No. 97, 93, 99, 69, 98
- Position: Defensive lineman

Personal information
- Born: July 20, 1988 (age 37) Tampa, Florida, U.S.
- Listed height: 6 ft 2 in (1.88 m)
- Listed weight: 303 lb (137 kg)

Career information
- High school: Pensacola (Pensacola, Florida)
- College: South Florida
- NFL draft: 2011: 3rd round, 65th overall pick

Career history
- Carolina Panthers (2011); New England Patriots (2012); Houston Texans (2012–2013); Dallas Cowboys (2014–2016); Washington Redskins (2017); Atlanta Falcons (2018); Arizona Cardinals (2019)*; Kansas City Chiefs (2019); Oakland Raiders (2019); Calgary Stampeders (2022–2023);
- * Offseason and/or practice squad member only

Awards and highlights
- First-team All-Big East (2010);

Career NFL statistics
- Total tackles: 133
- Sacks: 7.5
- Forced fumbles: 3
- Fumble recoveries: 3
- Stats at Pro Football Reference

= Terrell McClain =

American gridiron football player (born 1988)

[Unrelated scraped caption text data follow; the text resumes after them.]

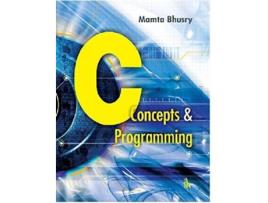 Livro C Concepts Programming de Mamta Bhusry (Inglês)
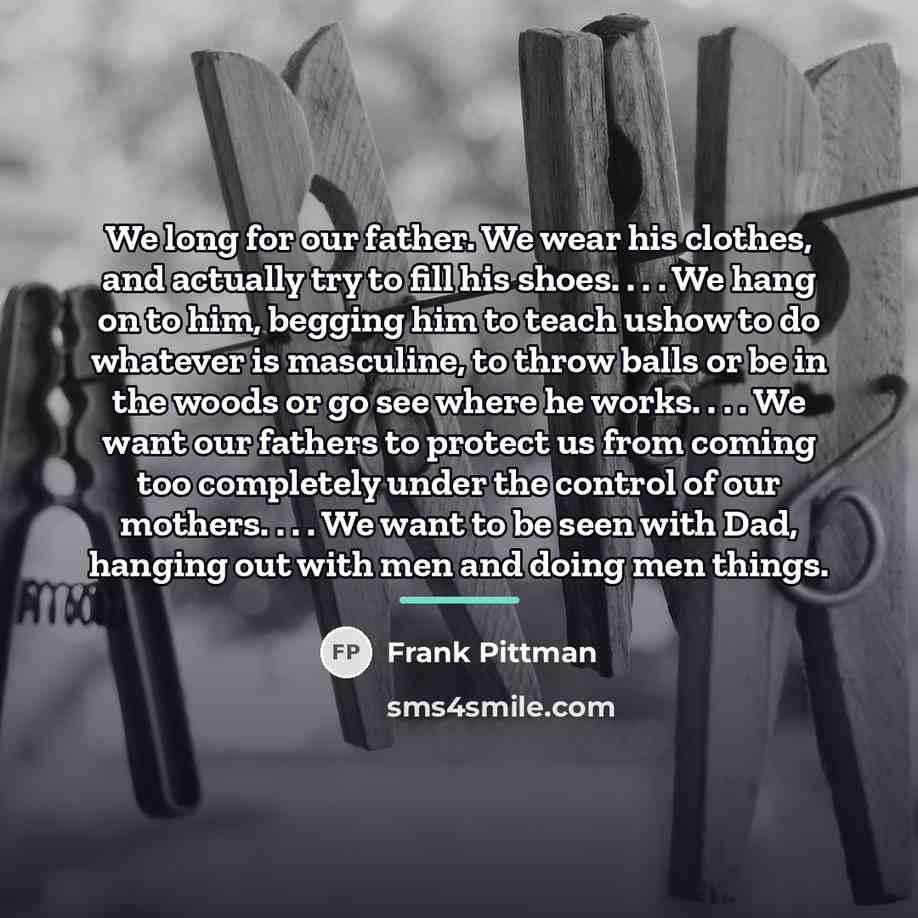 “We long for our father. We wear his clothes, and…” quote by Frank Pittman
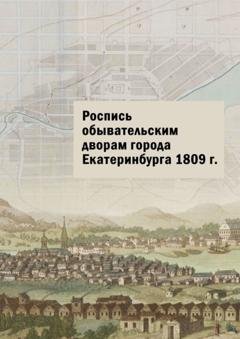 Обложка книги «Роспись обывательским дворам города Екатеринбурга 1809 г.» — Юлия Владимировна Шарипова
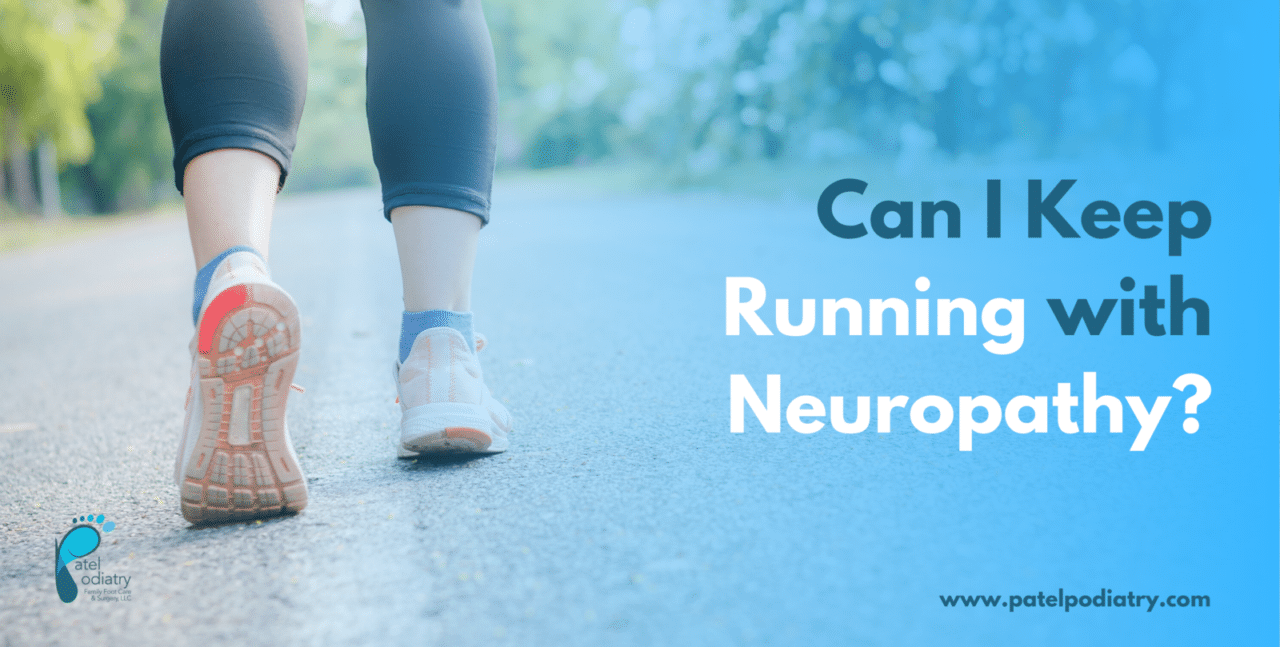 Keep Running with Neuropathy Family Foot Care & Surgery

Terrell McClain (born July 20, 1988) is an American former professional football defensive lineman. He was selected by the Carolina Panthers in the third round of the 2011 NFL draft. He played college football at the University of South Florida. He was also a member of the New England Patriots, Houston Texans, Dallas Cowboys, Washington Redskins, Atlanta Falcons, Arizona Cardinals, Kansas City Chiefs, Oakland Raiders, and Calgary Stampeders.

==Early life==
McClain attended Pensacola High School, where he played as a defensive tackle for the Tigers high school football team. As a senior, he registered 65 tackles with 8 sacks, receiving Class 3A first team All-state honors. He was named MVP of Pensacola East-West All-Star Game.

==College career==
He accepted a football scholarship from the University of South Florida. As a freshman, he appeared in 12 games, making 8 tackles, 4 tackles for loss, one quarterback pressure, one pass defensed and a fumble recovery.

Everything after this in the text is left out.